What is required
Output, exactly and with no pictures, the line that contains "CA license plate 6ZCN007" and every line that comes after it in the data below, the last one included.

::::

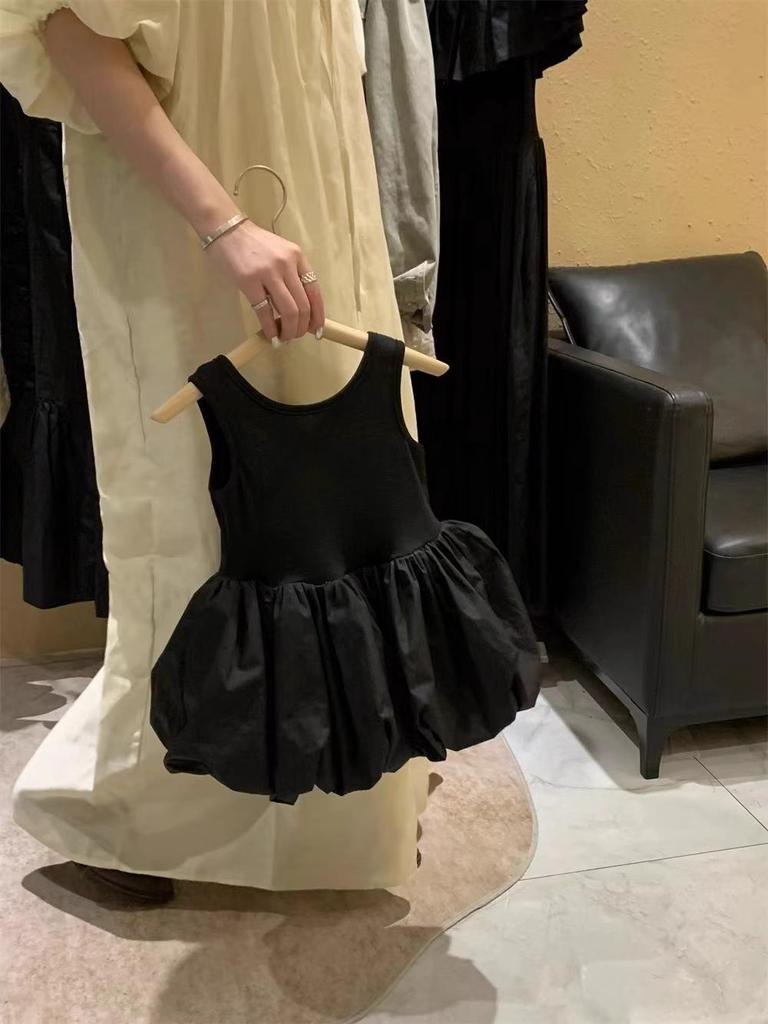 Korean Girls Sleeveless Backless Black Dress - Flower Bud Style Puffy Dress for Children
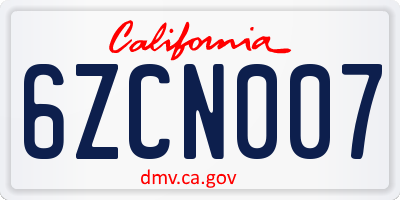 CA license plate 6ZCN007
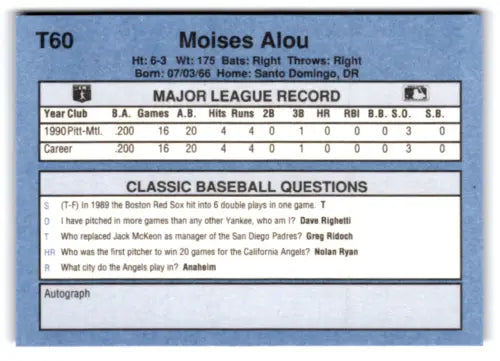 Original gloss T60 Moises Alou baseball card from 1991 Classic I T60 Moises Alou series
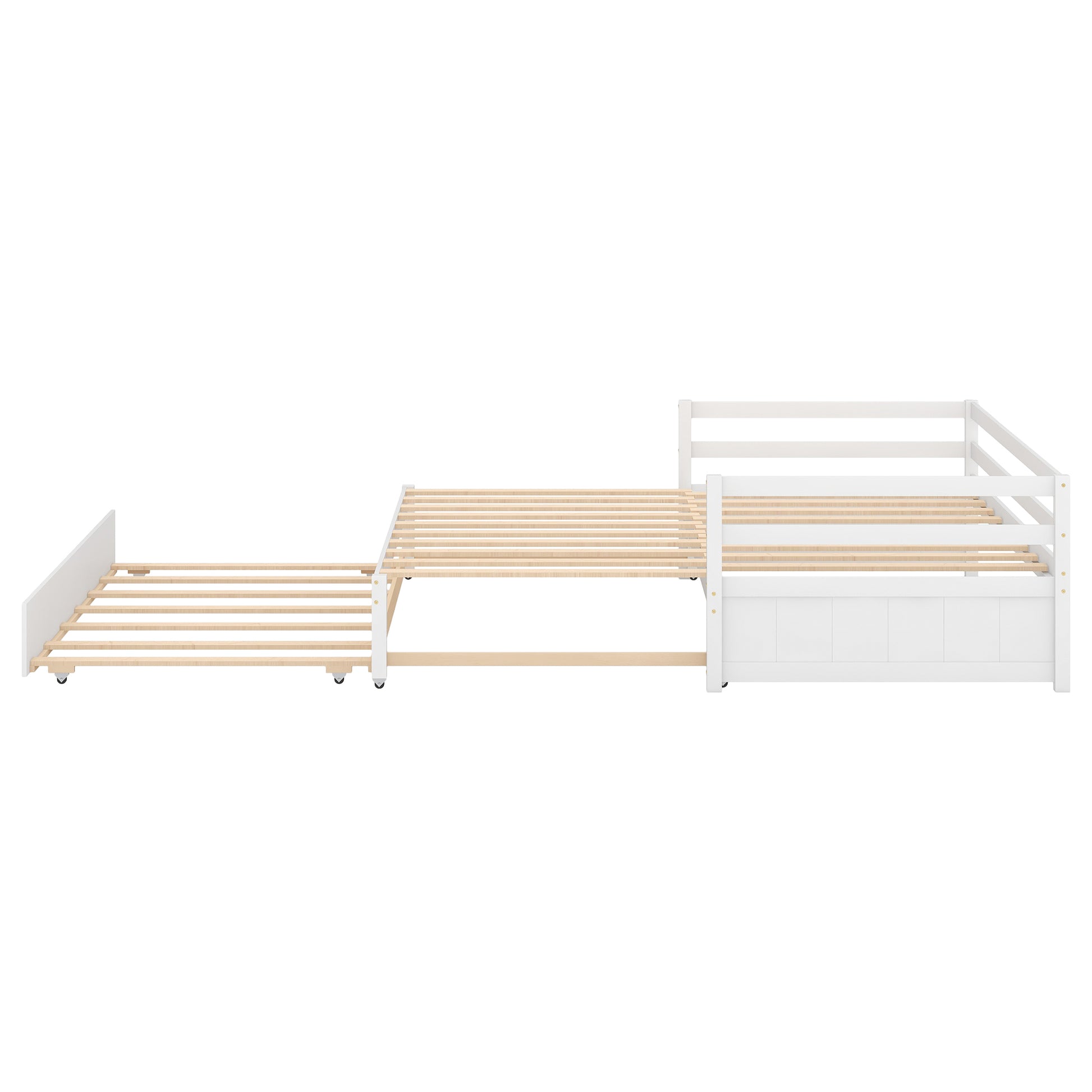 Twin Or Double Twin Daybed With Trundle,White Box Spring Not Required Twin White Wood Daybeds Pine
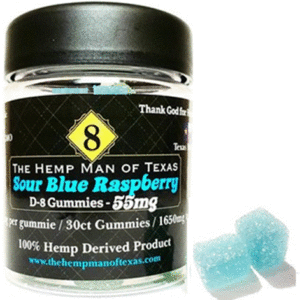 Hemp Man - Sour Blue Raspberry D8 Gummies 55mg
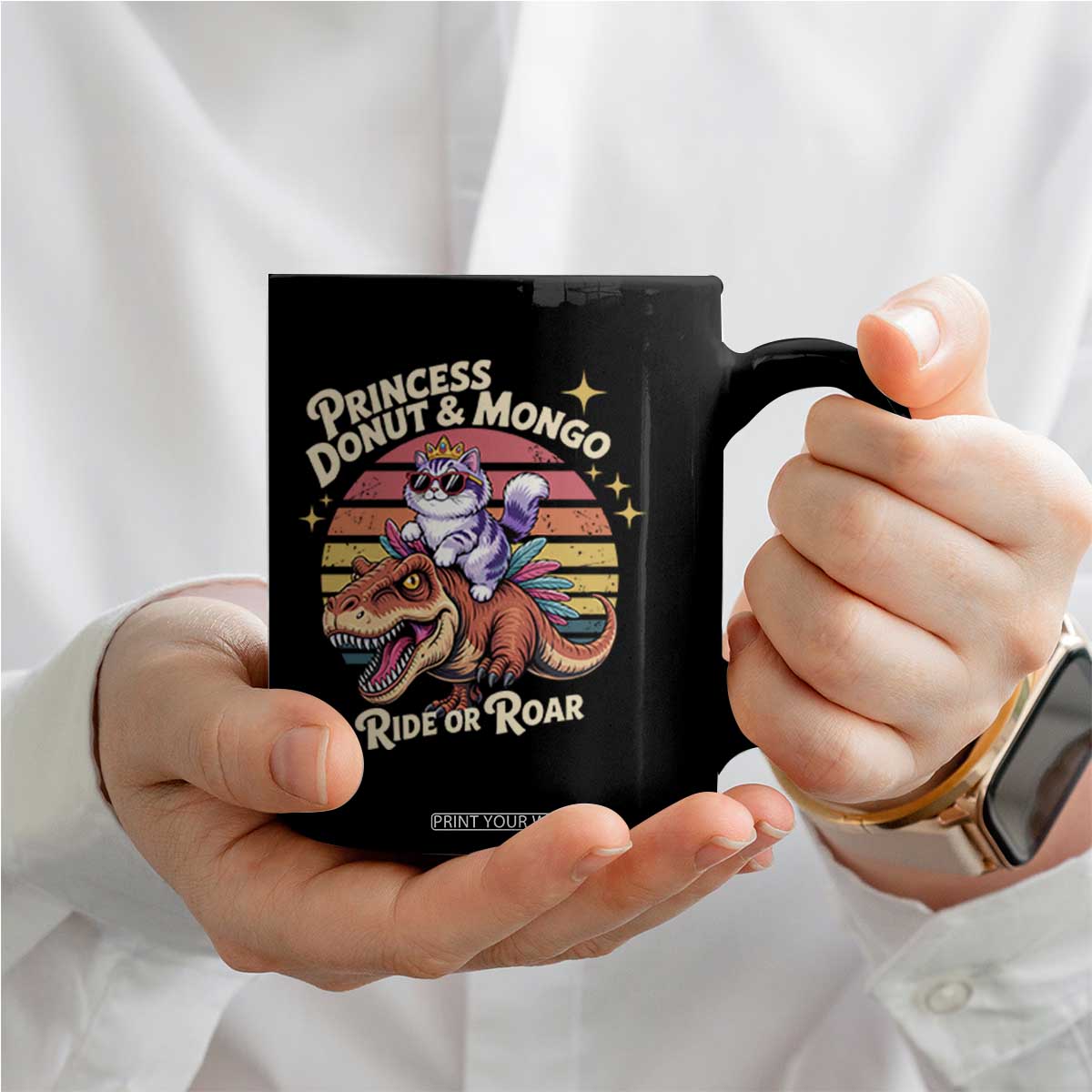 Royal Cat Princess and Raptor Ride or Roar Coffee Mug Funny Cat Riding Dinosaur Retro Sunset TS02 Print Your Wear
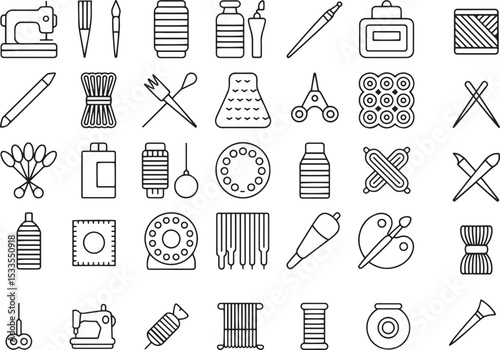 Craft Thin Icons Set. Handmade, DIY, art, creativity. Editable Stroke. Vector Illustration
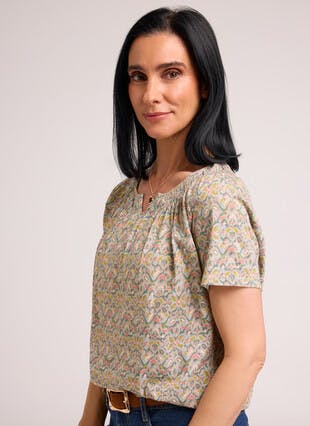 Pure Cotton Notch Neck Printed T-Shirt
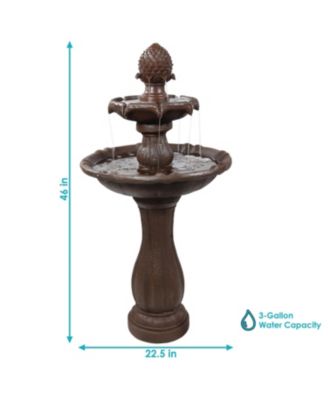 46" H Outdoor 2-Tier Pineapple Solar Water Fountain with Battery Backup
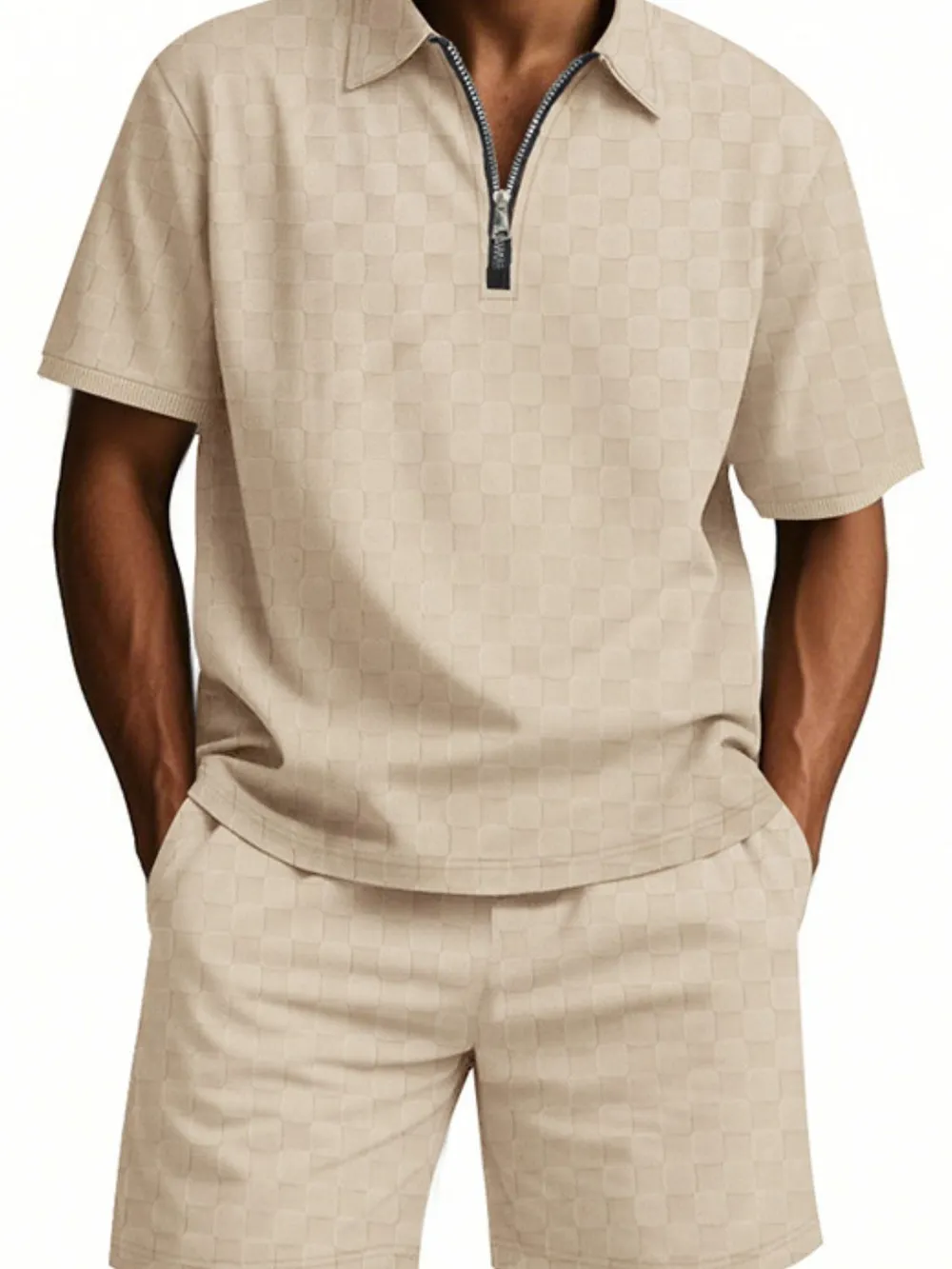 Men's Full Size Quarter Zip Short Sleeve Top and Shorts Set Plus Size, image 5
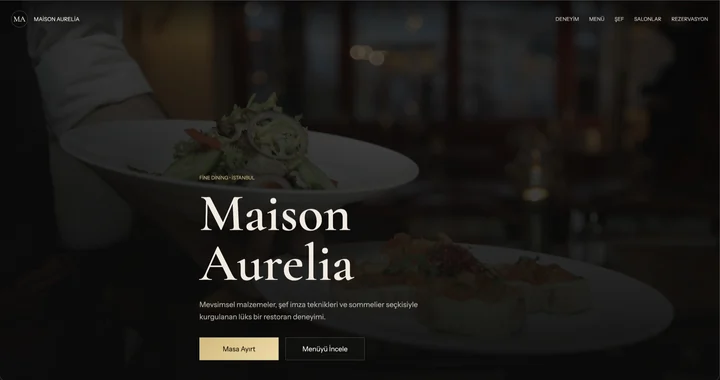 Restoran için örnek web sitesi tasarımı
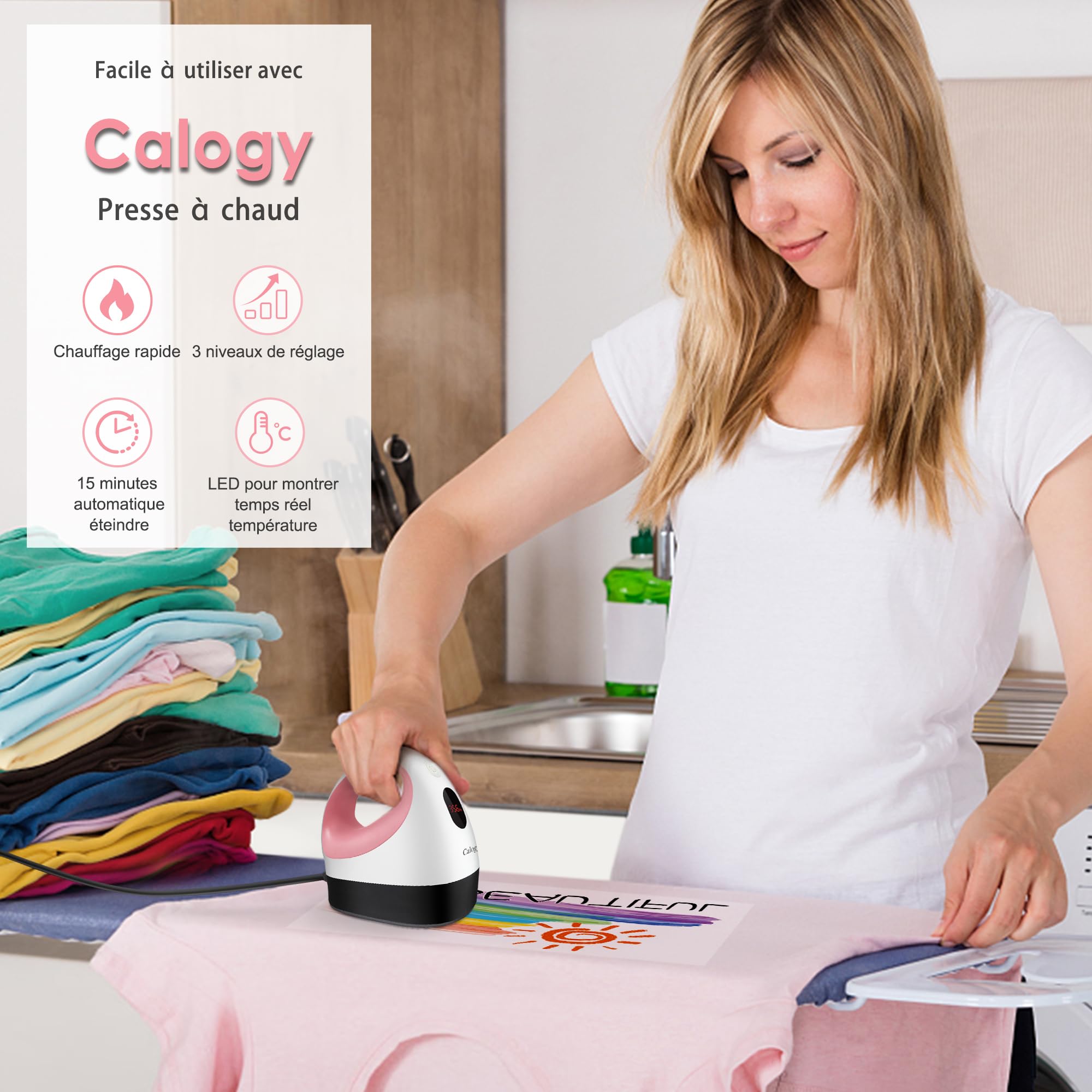 Calogy Mini Presse à Chaud, Machine Impression Textile Petit, Portable Mini Fer avec Affichage LED, 3 Niveaux Contrôle de la Température, Base Sécurité Isolée pour Tee Shirt, Casquett（Blanc Rose)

::::

Response to this task
 CA license plate 6ZCN007
 Original gloss T60 Moises Alou baseball card from 1991 Classic I T60 Moises Alou series
 Twin Or Double Twin Daybed With Trundle,White Box Spring Not Required Twin White Wood Daybeds Pine
 Hemp Man - Sour Blue Raspberry D8 Gummies 55mg
 Royal Cat Princess and Raptor Ride or Roar Coffee Mug Funny Cat Riding Dinosaur Retro Sunset TS02 Print Your Wear
 Craft Thin Icons Set. Handmade, DIY, art, creativity. Editable Stroke. Vector Illustration
 Pure Cotton Notch Neck Printed T-Shirt
 46" H Outdoor 2-Tier Pineapple Solar Water Fountain with Battery Backup
 Men's Full Size Quarter Zip Short Sleeve Top and Shorts Set Plus Size, image 5
 Restoran için örnek web sitesi tasarımı
 Calogy Mini Presse à Chaud, Machine Impression Textile Petit, Portable Mini Fer avec Affichage LED, 3 Niveaux Contrôle de la Température, Base Sécurité Isolée pour Tee Shirt, Casquett（Blanc Rose)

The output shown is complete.